It’s always nice to watch something like Fanny: The Right to Rock, a documentary that, for the most part, knows how to pace its storytelling. Within twenty minutes, it deals with the titular band’s beginnings with sisters June and Jean Millington as half-Filipina girls who dealt with racism through music. It competently mixes archive photos and contemporaneous interviews, as movies like these do, the latter contextualizing the former. The interviews reveal the competition between these women, as healthy as such competition can be. The band, after all, has two talented drummers both of them having more than one musical skill.
The interview segments also illuminate the importance of a trailblazing band telling their story for the first time and doing it right. This is specifically important for June and one of the drummers, Alice de Burh, who are lesbians and had a relationship at a time when free love didn’t allow for lesbians. It’s revelatory to understand the burden of constant racism and homophobia they experience from their industry. Sure, these women speak to the camera as if the questions feel like softball ones. But I can’t stress the importance of seeing a generation survive long standing prejudices.

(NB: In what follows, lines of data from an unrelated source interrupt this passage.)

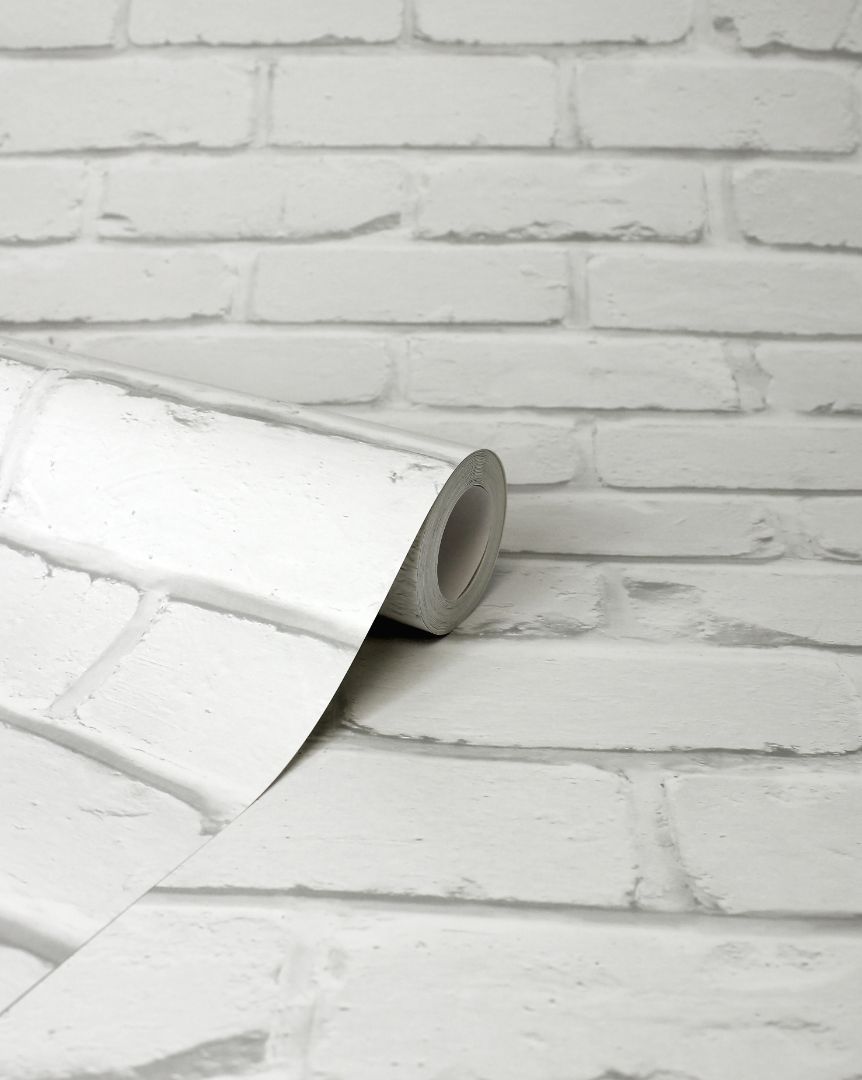Painted Brick White Wallpaper Detail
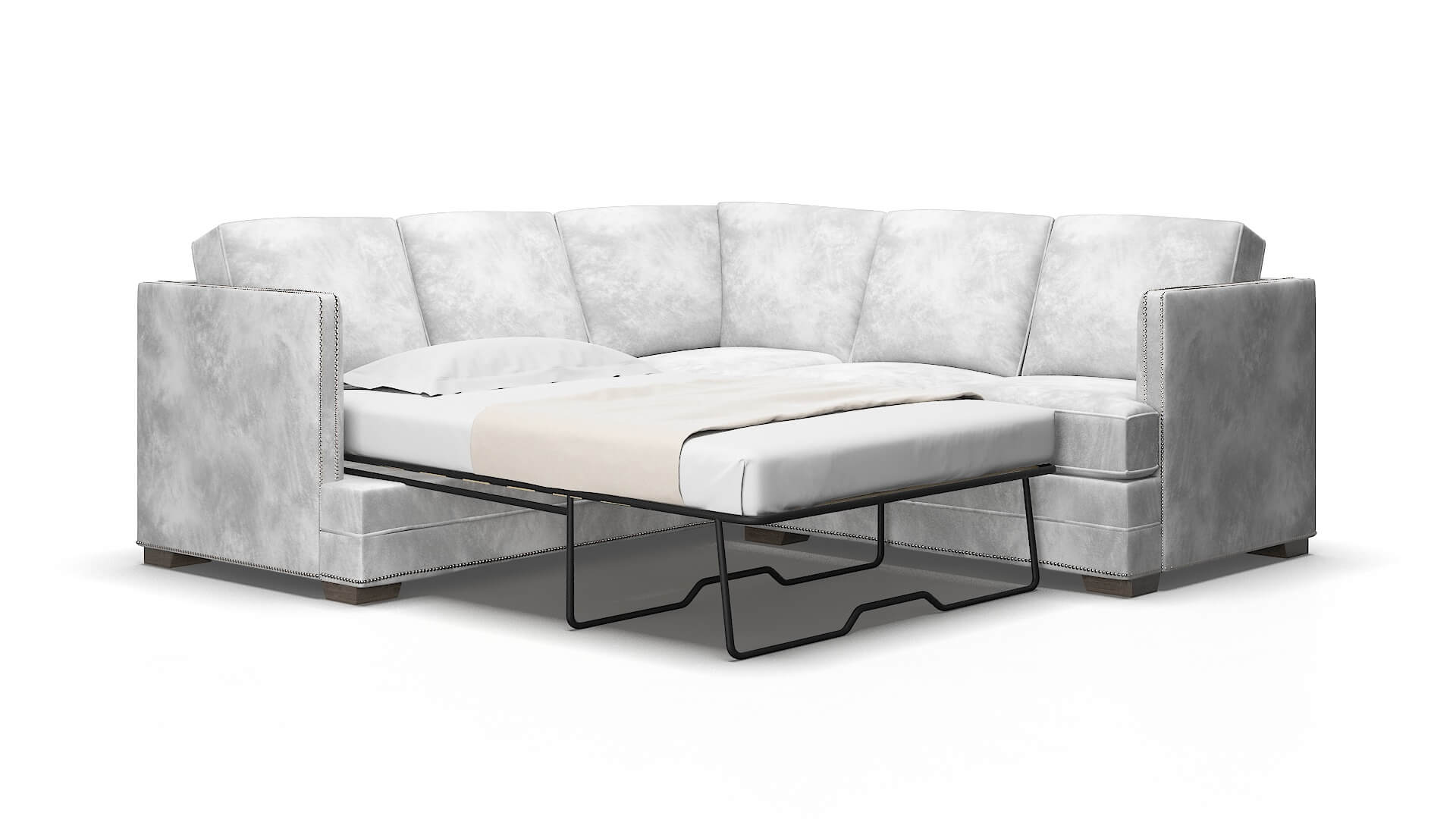 Riga Loft Snowfall Sectional Sleeper Espresso legs 2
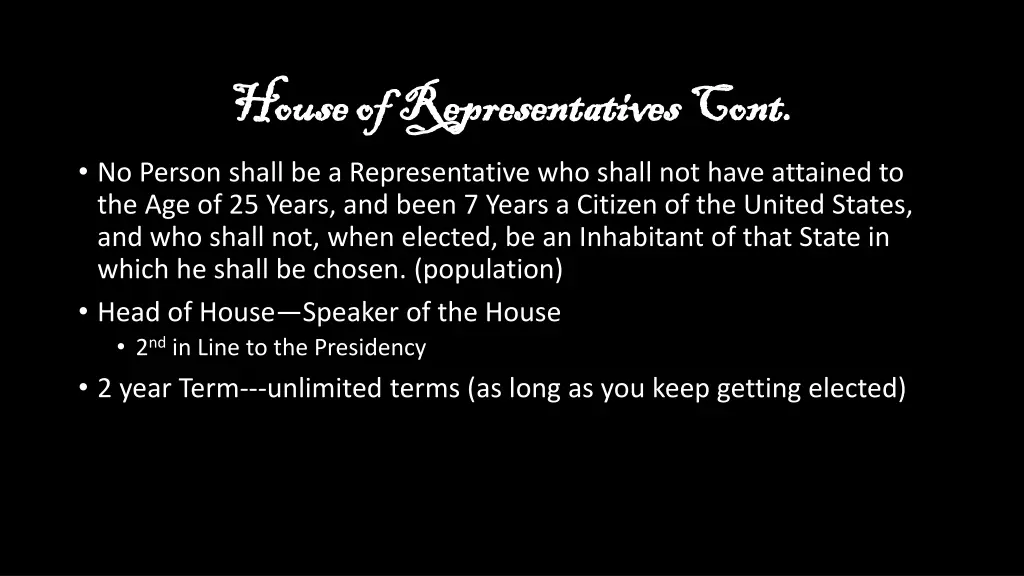 house of representatives cont house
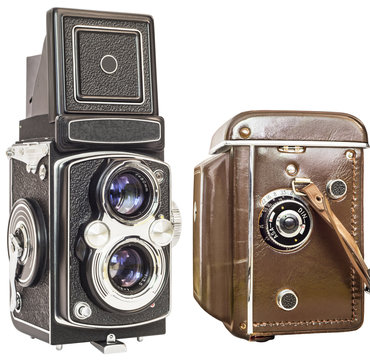 Old Analog Twin Lens Reflex Camera Without And in Brown Leather Casing Isolated On White Background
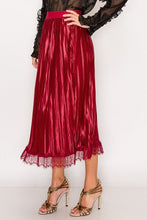 Load image into Gallery viewer, Lace Trim Accordion Pleated Midi Skirt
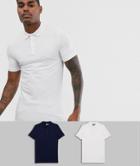 Asos Design 2 Pack Muscle Fit Jersey Polo Save-multi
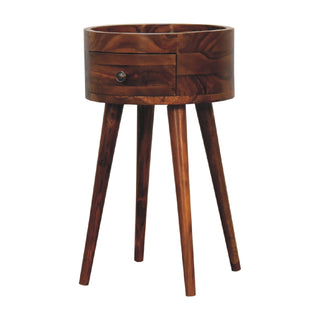 Alina 1-Drawer Honey Bedside Table in Mango Wood with Chestnut Finish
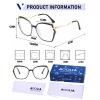 AOOLIA Designer Reading Glasses for Women, Stylish Geometric Eyeglasses Frame Reader with Blue Light Blocking Coating Glasses (Black, 1.75, x) view 2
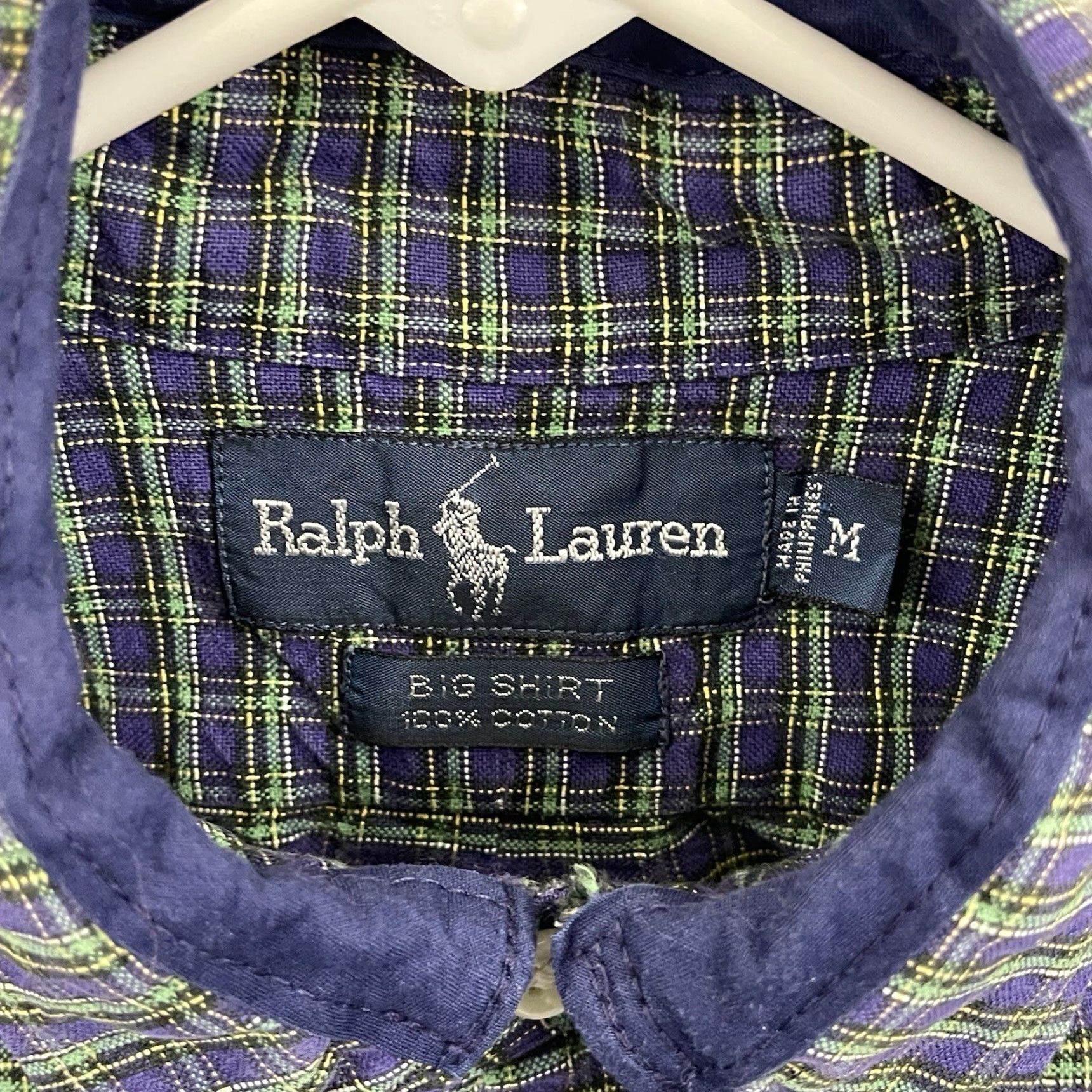 Polo Ralph Lauren VINTAGE Polo Ralph Lauren Shirt Mens M Purple Green Check Plaid Long Sleeve Casual Size US M / EU 48-50 / 2 - 5 Thumbnail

Those prejudices against Jean and the rest of the gang manifest in different ways, existing more as barriers now. The Millingtons, with Alice and Brie Darling reunited for a new album. But Jean’s stroke complicates the reunion tour that would have given them more revenue. The film tackles that hurdle in Jean’s already long and eventful life with much respect. There’s a realism to the film as it follows these women as the rally for their sister. And despite of what happened to them in the past, their sisterhood is an example to the future generations of female rock stars.